A baby hummingbird waits for its mother in its nest in California in 2021. One of the violations with which Trans Mountain was charged included the destruction of an Anna's hummingbird nest somewhere between Burnaby and Langley. (John Antczak/AP - image credit)
A baby hummingbird waits for its mother in its nest in California in 2021. One of the violations with which Trans Mountain was charged included the destruction of an Anna's hummingbird nest somewhere between Burnaby and Langley. (John Antczak/AP - image credit)

The $88,000 penalty handed to Trans Mountain Pipeline almost a year ago for harming nesting birds has been reduced upon review to just $4,000.

In the decision, the Commission of the Canada Energy Regulator said Trans Mountain Pipeline's violation of environmental regulations aimed at protecting nesting migratory birds was "unacceptable."

However, the three-person review panel also said the amount of the penalty was not properly determined, characterizing the "level of actual harm as low, given that the species impacted are common species, and the number of individuals impacted is relatively low compared to the estimated populations."

The Trans Mountain pipeline expansion project will triple the capacity of the existing 1,150-kilometre line between Edmonton and Burnaby to about 890,000 barrels per day of diluted bitumen, lighter crudes and refined fuel.

According to the review, the first violation on April 21, 2021, involved the destruction of an Anna's hummingbird nest and egg by workers clearing trees along the pipeline route in Spread 7, the section between Langley and Burnaby.

A few days later, Environment and Climate Change Canada halted pipeline construction for four months — until the end of bird nesting season — in an area along the Brunette River in Burnaby.

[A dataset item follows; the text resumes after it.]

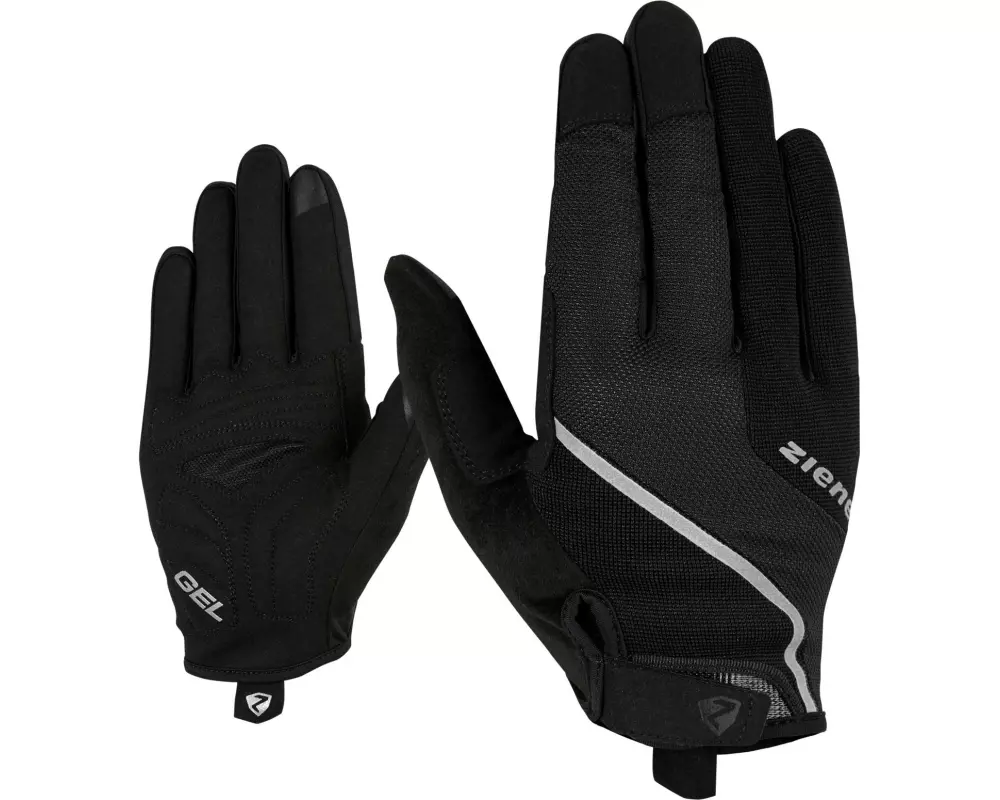 Ziener Velohandschuhe CLYO-Z TOUCH LONG Gr. 8.5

A second violation on May 8, 2021, saw workers destroy an unmarked American robin's nest and egg in the Coquihalla/Hope region. Two additional "near misses" involving nesting American robins in Burnaby were cited in the same month.

CBC
CBC

The official who issued the violations and fine said Trans Mountain failed to adequately oversee its contractors and did not ensure the competency, training or supervision of personnel, "which resulted in potential and real harm to the environment."

Last year, Trans Mountain Corp. announced the price of the expansion project had ballooned from $12.6 billion to $21.4 billion. Construction is expected to be finished sometime this year.